2022年4月号「issues of the day」

 

難民に厳しい日本社会とウクライナ難民

 連日、企業や個人、自治体、メディアの方々から、ウクライナからの難民についての問い合わせがあります。ここまで難民に日本社会が関心を持つ「波」は稀でしょう。だからこそ同時に必ずお伝えしているのは「すでに日本にいる、認定を待ち続ける難民申請者たちの存在」です。「日本の難民受け入れって、そもそもどうなっていたのだっけ」と、目を向け考え議論できるタイミングとも言えます。

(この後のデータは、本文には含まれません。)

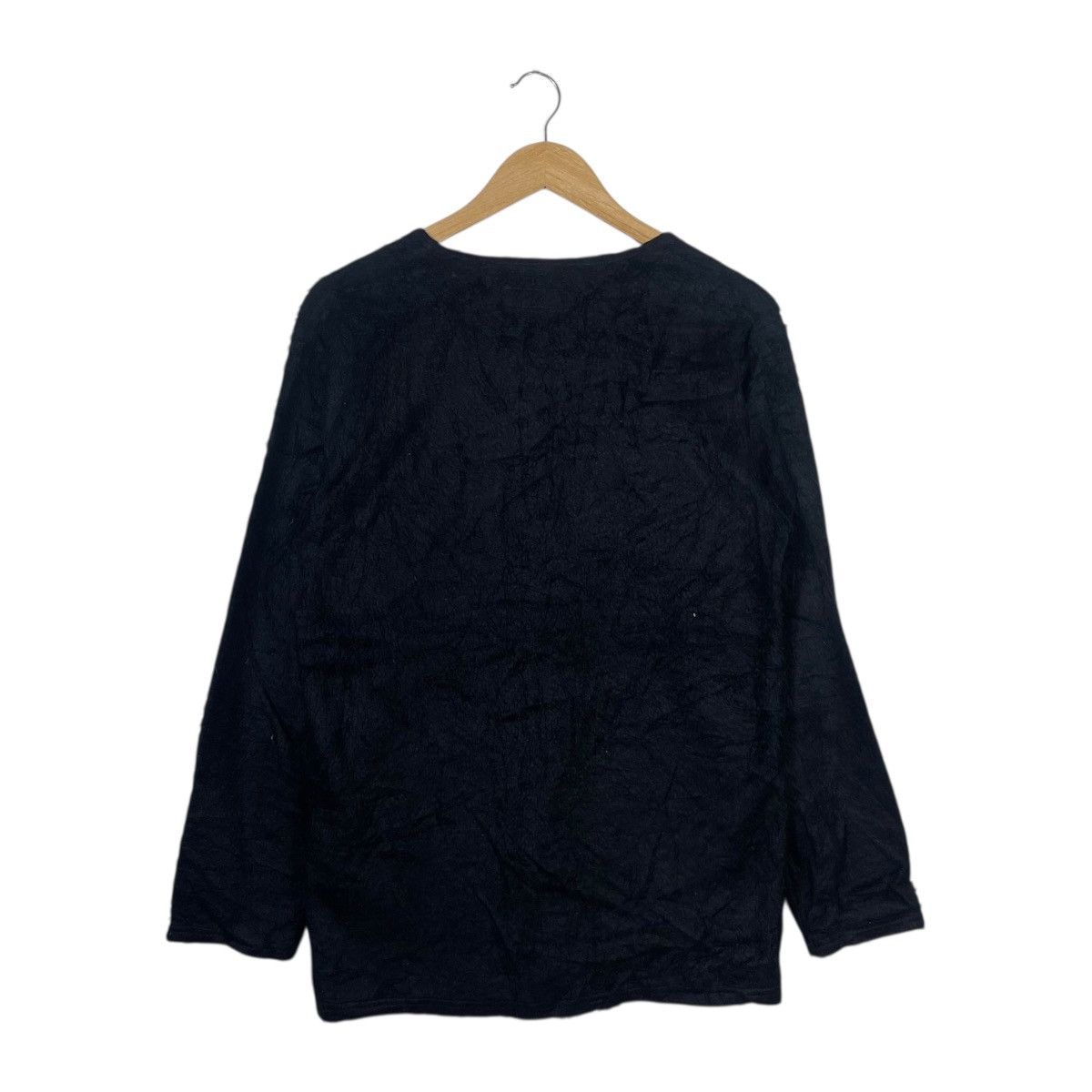 Le Coq Sportif Le Coq Sportif x SOU SOU Japan Textured Knit Cardigan Navy Size US S / EU 44-46 / 1 - 4 Thumbnail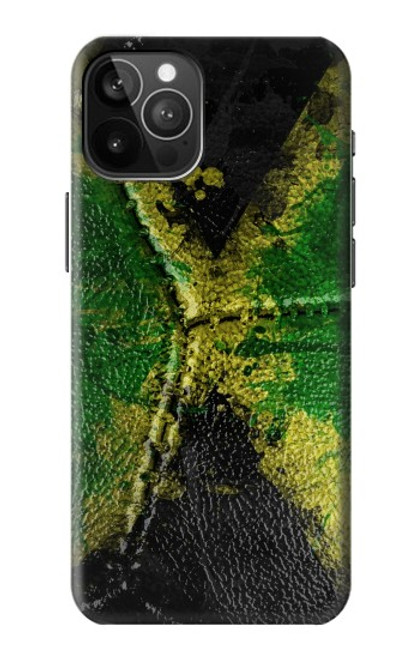 W3319 Jamaïque Drapeau graphique Football Millésime Etui Coque Housse et Flip Housse Cuir pour iPhone 12 Pro Max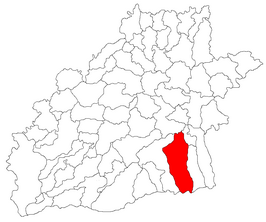Kaart van Porumbacu de Jos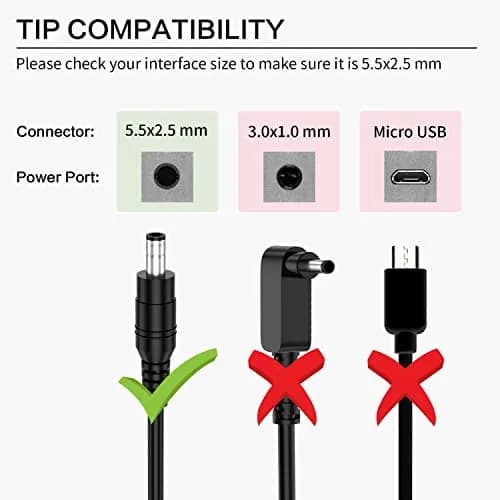 UCANUUP 19V 65W AC Power Adapter for JBL Xtreme 2 | Compatible with JBL Portable Speakers thumbnail 2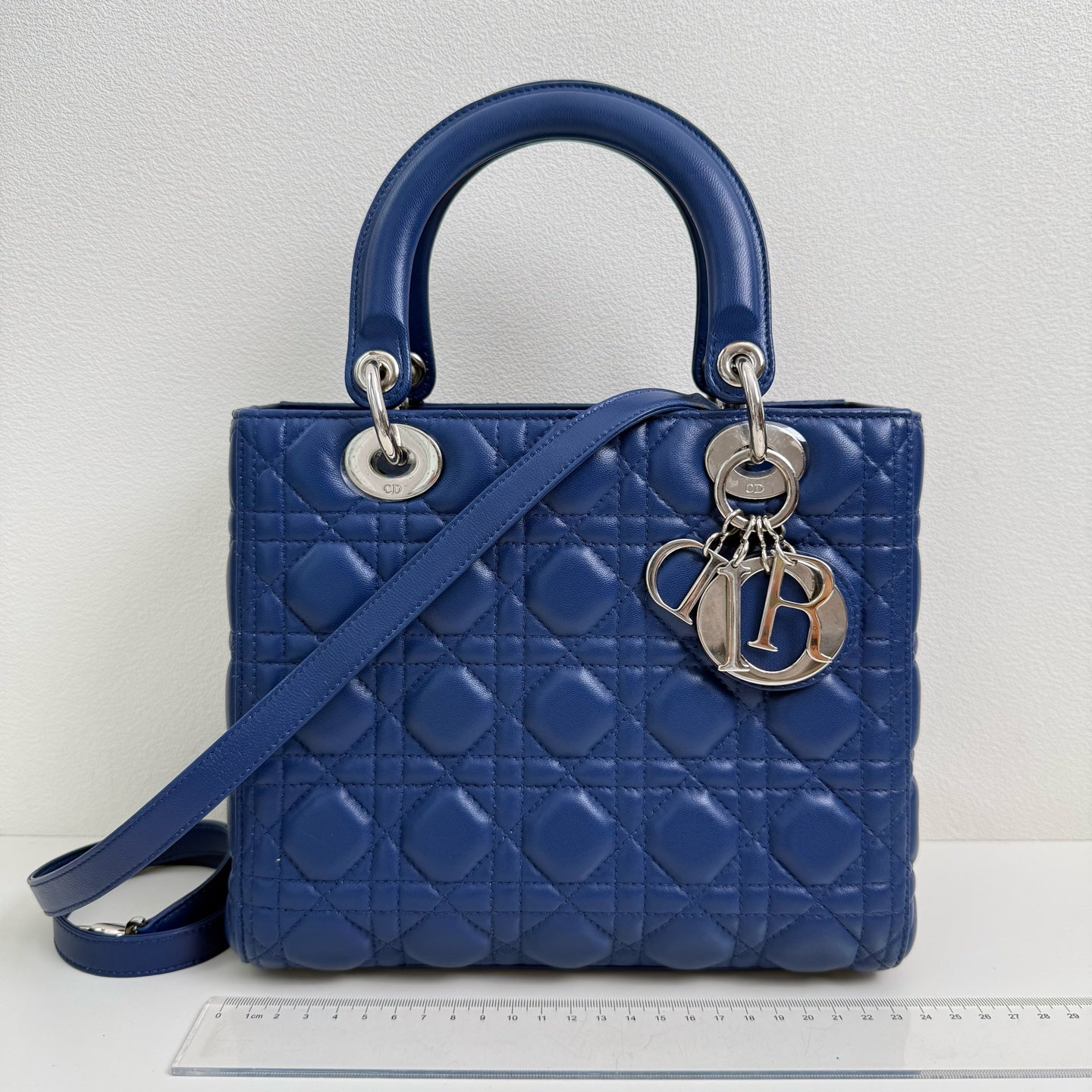 Dior Dior Lady Blue Crossbody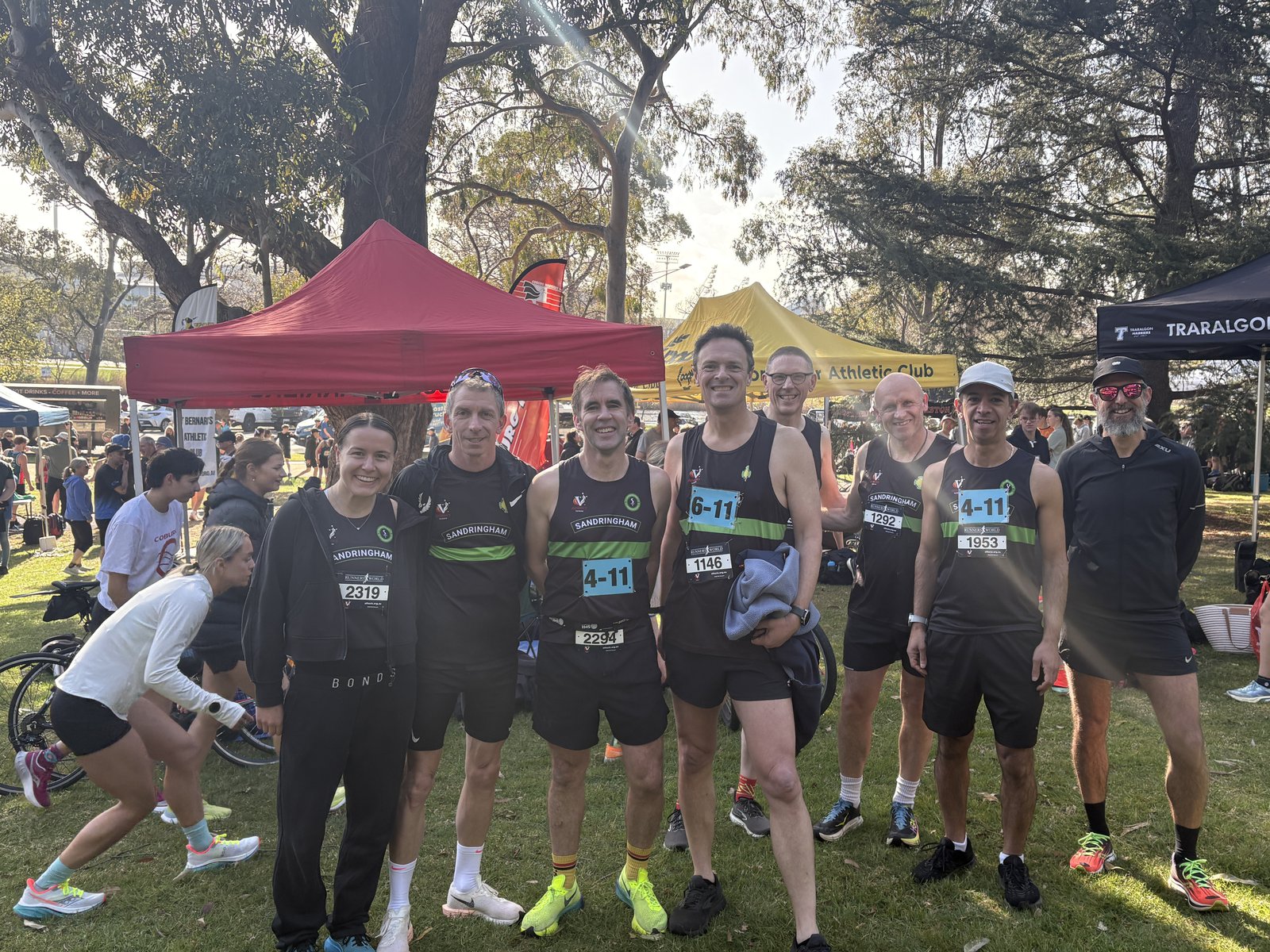 Sandringham Athletic Club runner racing
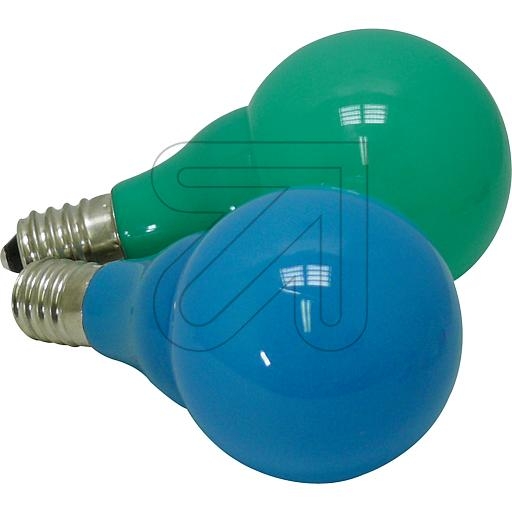 Konstsmide5685-420 System outer chains LED ball lamps E14 green/bl.-Price for 2 pcs.Article-No: 867655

 2月下旬、ロシア軍のウクライナへの侵攻が開始し、企業、市民、政治家、などから様々な声が上がりました。「日本も難民受け入れできるのでは/すべきでは?」「日本は難民受け入れの数が少ないがどうするのか」等。そこで、「♯ウクライナ難民の多様な受け入れに賛同します」というハッシュタグのもと、オンライン署名運動「ウクライナからの難民のために、日本が取れる7つの拡充アクション」を立ち上げました。目的は「世論を可視化し、政府の中で前向きな方々のアクションを後押しする」「新しい方法をつくらなくても既存のスキームの拡充でできることがあることを示すこと」です。この活動には1カ月で5万7,000もの署名が集まっています。その後、日本もウクライナからの難民受け入れを発表し、ビザ発給も大幅に緩和されました。自治体での窓口も開設され、多くの相談が来ています。

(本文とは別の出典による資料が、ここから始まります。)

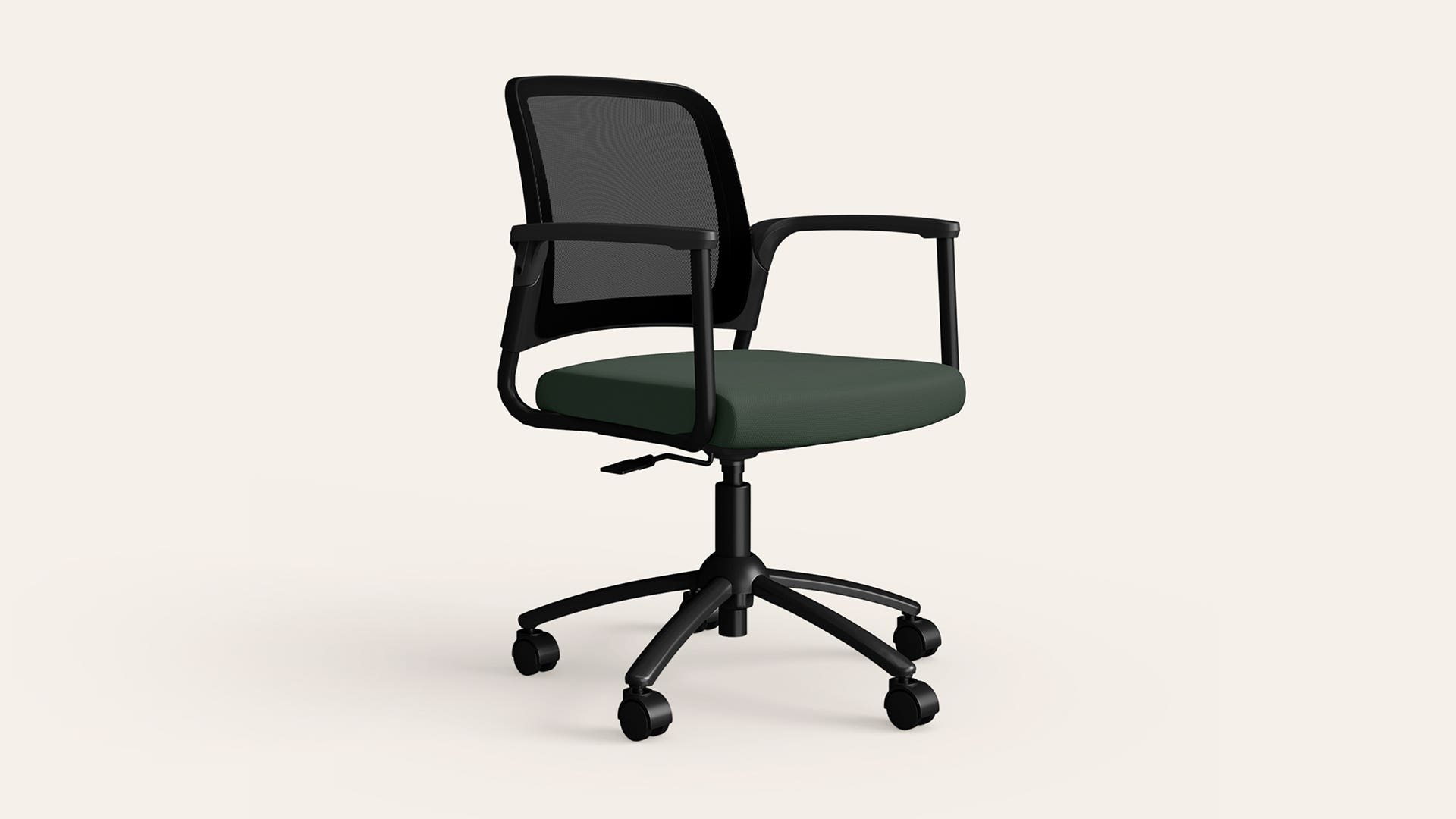 Relax Revolving Mesh Chair (Earthstone Fabric, Black Body)
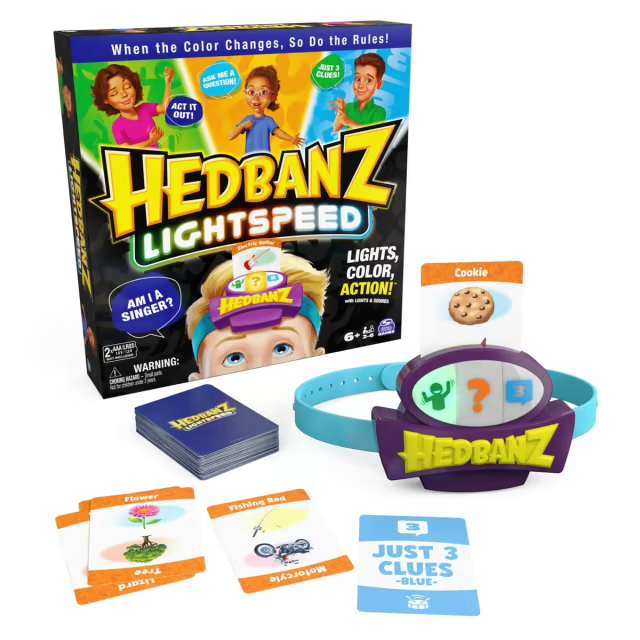 Hedbanz Lightspeed Board Game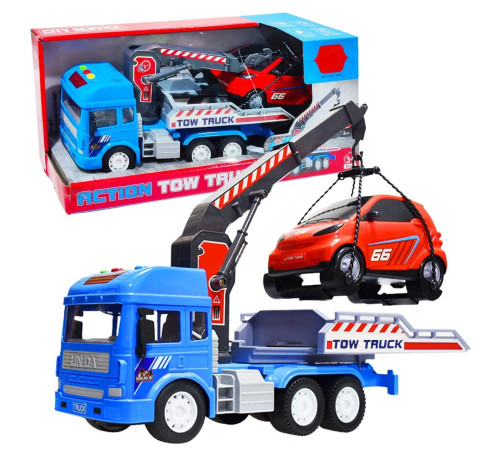 Jucării pentru Copii - Magazin Online de Jucării ieftine in Chisinau Baby-Boom in Moldova 22924 evacuator inerțial cu mașină (lumină, sunet) &icirc;n sort.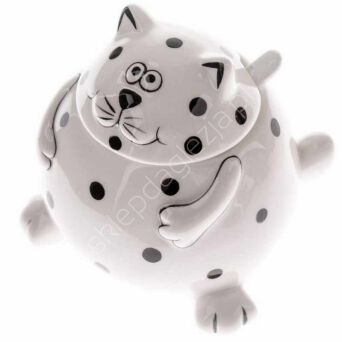 Cukiernica ceramiczna kot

 そもそもこれまで日本にやってくる難民の現状はどうだったでしょうか。実は、鉱物紛争の地域で争いに巻き込まれたり、民主化を求める人が次々と逮捕されたりと、目の前に危険が迫る時、行き先を選ぶ余裕はなく数カ国にビザ申請する中で、最初にビザ出たのが日本だった、という状況で日本に来る人が多いです。そして、来日後「出入国在留管理庁」で難民認定申請をします。母国を逃れた時点で「難民」になるわけではなく、辿り着いた先の政府に認定されて初めて保護される立場になります。しかし1万人以上が申請した2020年、難民として認定されたのは47人でした。認定率は0.3%。先進諸国で最低水準です。

 こう見ると、いかに、今回のウクライナ難民措置が特例かが見えてきます。ビザの簡素化、代理手続きも可能、コロナの入国制限の対象外、陰性証不必要で、短期滞在3カ月のビザを得て入国。その後は1年の「特定活動」という在留資格に切り替え就労可能、国民保険にも入れる形となります。ヨーロッパ諸国とも足並みを揃えた、とても迅速な動きでした。

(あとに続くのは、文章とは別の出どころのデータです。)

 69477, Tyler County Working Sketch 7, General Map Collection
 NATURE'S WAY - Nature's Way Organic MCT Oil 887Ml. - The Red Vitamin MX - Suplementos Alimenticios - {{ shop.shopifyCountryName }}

 さて、一方でウクライナ以外からの人たちはいつ認定されるのかわからない状態で待っています。結果までの期間は平均4年4カ月。10年以上待ち続け、不認定になり(ほとんどが不認定なわけですが)、在留資格もなくなり、収容施設に収容される人もいます。法的地位がないと、日本にいられない。しかし、ただ待っていても認定される可能性はほとんどありません。

難民へのイメージを変える

 そこで、私たちWELgeeは、日本に辿り着いた難民向けの就労・キャリア支援をしてきました。意欲、個性、経験に着目し、日本企業と繋ぐプログラム「JobCopass」という仕組みで、不安定な在留資格で待ち続けるしかなかった人を、企業が雇用してスポンサーになることで安定した在留資格の取得をめざします。キャリアコーディネーターが人生そのものに伴走。企業は、自社の成長や変革のきっかけとなる人材を採用できます。4カ国語話者、教師、起業家、弁護士、NGO職員など、このような存在に今まで日本社会は気づかずにいました。逆境を乗り越えてきた人生経験豊かな人たちとイノベーションを起こそうと信じる企業さんと5年かけて挑戦してきたのですが、裏返せばそうでもしないと日本にいられる方法はないということです。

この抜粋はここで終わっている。